Conversando com outras pessoas e observando seu comportamento, podemos aprender coisas inovadoras, adquirir novas habilidades e nos adaptar a condições que ainda não conhecíamos. Mas e se as informações fornecidas pelo ambiente social forem inconsistentes ou contraditórias? Em um estudo recente, pesquisadores do Instituto Max Planck para o Desenvolvimento Humano (Alemanha) e da Universidade de Amsterdã (Holanda) investigaram como as pessoas lidam com informações de diversas fontes sociais e como usam essas informações para formar crenças. O trabalho foi apresentado em artigo na revista “Proceedings of the Royal Society B”.

“A internet, em particular, mudou dramaticamente a estrutura e a dinâmica das interações sociais. A disponibilidade de fontes sociais é até certo ponto controlada por algoritmos – o que vemos é tendencioso em favor de nossas próprias preferências. Ao mesmo tempo, a internet nos dá acesso a pontos de vista potencialmente conflitantes”, diz Lucas Molleman, pesquisador associado do Centro de Racionalidade Adaptável do Instituto Max Planck para Desenvolvimento Humano e pós-doutorando na Universidade de Amsterdã, o autor principal do artigo.
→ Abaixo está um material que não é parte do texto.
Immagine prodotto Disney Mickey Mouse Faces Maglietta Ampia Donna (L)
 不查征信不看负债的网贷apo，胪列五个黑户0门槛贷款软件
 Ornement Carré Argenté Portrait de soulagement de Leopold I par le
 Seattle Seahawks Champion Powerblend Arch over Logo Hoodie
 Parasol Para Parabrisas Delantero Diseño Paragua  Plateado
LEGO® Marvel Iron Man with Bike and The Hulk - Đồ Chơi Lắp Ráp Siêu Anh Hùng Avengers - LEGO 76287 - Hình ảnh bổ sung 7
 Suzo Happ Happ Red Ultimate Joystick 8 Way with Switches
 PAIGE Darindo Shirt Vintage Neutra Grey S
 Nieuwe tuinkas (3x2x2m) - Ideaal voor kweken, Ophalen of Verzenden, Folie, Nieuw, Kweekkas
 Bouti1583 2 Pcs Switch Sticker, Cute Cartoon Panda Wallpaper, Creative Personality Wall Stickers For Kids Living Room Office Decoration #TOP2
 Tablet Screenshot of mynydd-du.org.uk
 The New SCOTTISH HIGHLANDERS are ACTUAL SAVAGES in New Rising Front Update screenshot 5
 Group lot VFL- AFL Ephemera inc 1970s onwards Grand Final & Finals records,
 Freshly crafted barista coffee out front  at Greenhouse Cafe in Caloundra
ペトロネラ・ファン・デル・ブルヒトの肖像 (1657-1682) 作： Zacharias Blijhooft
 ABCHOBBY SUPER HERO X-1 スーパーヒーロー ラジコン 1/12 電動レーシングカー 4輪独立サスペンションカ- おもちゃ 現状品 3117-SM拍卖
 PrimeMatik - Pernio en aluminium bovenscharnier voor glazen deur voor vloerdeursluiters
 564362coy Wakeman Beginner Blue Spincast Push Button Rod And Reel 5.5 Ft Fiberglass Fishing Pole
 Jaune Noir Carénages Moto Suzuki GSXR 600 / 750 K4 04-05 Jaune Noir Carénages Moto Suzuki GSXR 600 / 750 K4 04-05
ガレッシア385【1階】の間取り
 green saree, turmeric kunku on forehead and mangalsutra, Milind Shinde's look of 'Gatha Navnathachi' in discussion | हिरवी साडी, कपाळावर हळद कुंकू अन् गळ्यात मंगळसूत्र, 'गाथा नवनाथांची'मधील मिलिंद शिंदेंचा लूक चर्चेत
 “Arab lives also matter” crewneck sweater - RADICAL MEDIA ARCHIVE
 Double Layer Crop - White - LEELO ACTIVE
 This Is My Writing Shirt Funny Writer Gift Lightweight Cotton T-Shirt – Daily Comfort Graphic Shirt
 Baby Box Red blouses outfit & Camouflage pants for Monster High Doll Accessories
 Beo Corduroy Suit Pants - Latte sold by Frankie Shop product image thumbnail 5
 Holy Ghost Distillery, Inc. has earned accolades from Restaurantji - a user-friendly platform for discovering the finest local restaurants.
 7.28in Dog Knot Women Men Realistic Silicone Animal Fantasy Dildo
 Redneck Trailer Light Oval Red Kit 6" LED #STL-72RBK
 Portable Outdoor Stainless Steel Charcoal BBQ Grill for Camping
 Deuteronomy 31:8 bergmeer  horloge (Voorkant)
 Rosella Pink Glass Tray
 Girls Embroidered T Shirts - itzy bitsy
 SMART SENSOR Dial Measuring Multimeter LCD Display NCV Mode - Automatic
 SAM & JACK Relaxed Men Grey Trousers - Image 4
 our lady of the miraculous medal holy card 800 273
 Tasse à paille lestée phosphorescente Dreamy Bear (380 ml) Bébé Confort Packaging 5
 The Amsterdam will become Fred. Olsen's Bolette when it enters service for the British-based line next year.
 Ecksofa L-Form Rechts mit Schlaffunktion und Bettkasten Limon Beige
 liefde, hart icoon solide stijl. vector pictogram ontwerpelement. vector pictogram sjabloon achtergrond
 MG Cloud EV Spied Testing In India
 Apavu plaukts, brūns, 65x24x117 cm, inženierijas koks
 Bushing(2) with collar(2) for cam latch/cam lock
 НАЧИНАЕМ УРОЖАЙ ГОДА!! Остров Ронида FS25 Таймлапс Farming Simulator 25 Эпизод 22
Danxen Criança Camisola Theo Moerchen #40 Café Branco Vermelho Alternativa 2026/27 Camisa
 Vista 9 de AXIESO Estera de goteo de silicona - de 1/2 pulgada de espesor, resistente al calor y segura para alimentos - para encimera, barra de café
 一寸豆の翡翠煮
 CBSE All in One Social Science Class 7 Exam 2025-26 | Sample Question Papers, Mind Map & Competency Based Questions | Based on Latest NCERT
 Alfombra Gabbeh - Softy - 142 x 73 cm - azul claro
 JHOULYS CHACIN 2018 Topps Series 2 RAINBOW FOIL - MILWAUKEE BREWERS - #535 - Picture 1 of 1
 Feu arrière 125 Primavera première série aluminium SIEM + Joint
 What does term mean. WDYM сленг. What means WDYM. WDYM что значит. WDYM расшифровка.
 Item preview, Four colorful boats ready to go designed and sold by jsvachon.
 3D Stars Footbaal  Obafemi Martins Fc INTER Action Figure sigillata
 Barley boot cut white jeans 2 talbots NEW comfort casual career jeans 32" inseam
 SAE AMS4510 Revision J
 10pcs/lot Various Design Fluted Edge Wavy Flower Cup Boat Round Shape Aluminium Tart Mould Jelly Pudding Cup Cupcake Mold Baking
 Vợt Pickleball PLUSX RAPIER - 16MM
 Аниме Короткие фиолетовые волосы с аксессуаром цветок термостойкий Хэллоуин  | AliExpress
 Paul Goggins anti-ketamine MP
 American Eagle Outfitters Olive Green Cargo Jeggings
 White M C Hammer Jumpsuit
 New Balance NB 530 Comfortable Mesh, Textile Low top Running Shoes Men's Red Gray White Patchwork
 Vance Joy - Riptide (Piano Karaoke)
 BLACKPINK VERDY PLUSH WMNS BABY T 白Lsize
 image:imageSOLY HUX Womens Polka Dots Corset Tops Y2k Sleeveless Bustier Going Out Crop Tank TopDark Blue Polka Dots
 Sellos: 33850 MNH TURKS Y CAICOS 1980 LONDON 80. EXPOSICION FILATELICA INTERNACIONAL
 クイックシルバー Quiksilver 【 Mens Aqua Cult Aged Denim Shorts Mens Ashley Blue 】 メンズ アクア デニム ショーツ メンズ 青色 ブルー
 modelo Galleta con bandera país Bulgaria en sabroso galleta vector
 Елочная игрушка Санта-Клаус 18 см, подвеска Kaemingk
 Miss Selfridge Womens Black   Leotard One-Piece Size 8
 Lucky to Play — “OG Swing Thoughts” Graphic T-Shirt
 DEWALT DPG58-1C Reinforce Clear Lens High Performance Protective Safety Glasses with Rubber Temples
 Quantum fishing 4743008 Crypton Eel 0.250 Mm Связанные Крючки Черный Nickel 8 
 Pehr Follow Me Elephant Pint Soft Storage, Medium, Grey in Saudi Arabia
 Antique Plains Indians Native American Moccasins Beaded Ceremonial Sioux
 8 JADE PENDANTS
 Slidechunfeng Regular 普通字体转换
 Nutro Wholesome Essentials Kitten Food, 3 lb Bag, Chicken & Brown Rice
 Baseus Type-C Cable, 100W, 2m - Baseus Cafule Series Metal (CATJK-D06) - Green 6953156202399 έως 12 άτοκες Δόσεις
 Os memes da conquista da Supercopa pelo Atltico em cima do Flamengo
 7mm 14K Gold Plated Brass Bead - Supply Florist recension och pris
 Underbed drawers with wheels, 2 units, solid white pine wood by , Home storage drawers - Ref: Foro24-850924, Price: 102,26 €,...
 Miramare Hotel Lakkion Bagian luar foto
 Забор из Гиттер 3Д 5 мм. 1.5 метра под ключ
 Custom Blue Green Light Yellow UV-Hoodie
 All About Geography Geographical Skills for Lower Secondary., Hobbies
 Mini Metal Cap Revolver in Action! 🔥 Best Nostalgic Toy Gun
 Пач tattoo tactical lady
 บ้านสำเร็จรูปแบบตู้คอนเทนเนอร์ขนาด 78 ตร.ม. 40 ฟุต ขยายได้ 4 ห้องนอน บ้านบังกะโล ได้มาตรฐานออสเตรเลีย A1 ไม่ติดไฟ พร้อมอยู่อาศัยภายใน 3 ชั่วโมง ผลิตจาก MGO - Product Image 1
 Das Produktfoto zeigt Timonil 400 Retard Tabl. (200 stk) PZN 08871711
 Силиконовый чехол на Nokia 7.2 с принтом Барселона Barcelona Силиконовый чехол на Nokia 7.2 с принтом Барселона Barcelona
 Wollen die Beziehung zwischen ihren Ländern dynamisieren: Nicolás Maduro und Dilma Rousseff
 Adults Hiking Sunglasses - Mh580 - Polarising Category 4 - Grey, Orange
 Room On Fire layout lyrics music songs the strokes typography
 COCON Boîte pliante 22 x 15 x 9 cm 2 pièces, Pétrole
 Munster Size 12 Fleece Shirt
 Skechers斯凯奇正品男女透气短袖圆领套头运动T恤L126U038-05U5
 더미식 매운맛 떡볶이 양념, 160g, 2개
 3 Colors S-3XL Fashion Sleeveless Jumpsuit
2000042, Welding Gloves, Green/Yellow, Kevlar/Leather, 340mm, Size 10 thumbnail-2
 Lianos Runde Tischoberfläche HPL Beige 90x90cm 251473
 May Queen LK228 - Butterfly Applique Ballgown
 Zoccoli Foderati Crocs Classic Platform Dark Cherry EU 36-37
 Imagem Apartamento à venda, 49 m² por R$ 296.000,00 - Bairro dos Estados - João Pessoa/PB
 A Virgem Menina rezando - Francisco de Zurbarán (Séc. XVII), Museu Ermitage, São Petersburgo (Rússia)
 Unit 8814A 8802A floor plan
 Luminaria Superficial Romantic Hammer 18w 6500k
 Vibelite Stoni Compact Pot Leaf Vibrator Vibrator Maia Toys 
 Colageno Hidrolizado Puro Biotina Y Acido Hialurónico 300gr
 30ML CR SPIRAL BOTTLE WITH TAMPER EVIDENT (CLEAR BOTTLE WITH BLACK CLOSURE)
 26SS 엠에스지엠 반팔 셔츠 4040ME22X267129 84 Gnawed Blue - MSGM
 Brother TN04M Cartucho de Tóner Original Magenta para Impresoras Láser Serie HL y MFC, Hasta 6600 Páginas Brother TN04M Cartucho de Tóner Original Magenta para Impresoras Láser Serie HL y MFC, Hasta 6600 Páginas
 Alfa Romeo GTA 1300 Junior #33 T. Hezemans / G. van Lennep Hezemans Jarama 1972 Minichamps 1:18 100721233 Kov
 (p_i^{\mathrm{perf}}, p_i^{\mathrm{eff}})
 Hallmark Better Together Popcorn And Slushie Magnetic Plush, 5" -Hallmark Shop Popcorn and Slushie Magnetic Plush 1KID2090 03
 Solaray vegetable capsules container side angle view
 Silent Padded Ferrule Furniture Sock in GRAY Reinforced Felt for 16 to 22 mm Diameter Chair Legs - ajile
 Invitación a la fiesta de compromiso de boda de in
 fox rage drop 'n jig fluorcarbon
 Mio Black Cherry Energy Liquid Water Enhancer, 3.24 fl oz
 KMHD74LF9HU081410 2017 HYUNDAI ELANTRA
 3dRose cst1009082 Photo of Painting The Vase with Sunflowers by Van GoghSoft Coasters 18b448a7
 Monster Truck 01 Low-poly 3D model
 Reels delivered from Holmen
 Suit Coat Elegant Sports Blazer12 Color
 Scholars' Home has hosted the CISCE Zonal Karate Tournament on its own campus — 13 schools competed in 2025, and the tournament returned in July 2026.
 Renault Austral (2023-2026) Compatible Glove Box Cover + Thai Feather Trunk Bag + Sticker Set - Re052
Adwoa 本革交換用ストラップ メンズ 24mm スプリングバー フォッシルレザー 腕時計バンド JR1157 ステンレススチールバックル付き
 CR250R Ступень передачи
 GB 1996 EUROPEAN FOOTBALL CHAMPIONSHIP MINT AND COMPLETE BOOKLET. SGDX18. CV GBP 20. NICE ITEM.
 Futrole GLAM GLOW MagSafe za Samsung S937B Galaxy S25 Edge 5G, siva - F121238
Inicialmente os pesquisadores realizaram um estudo experimental com 95 participantes dos Estados Unidos. Esses participantes completaram uma versão adaptada do Berlin Estimate AdjuStment Task (Beast), que mede de forma confiável o uso de informações sociais pelos indivíduos. Eles viram imagens de grupos de animais e foi-lhes solicitado que estimassem o número de animais. Em seguida, eles viram as estimativas de três outros participantes e receberam a solicitação de fazer uma segunda estimativa. Quanto mais os participantes ajustavam suas estimativas às de seus pares, mais levavam em consideração as informações sociais.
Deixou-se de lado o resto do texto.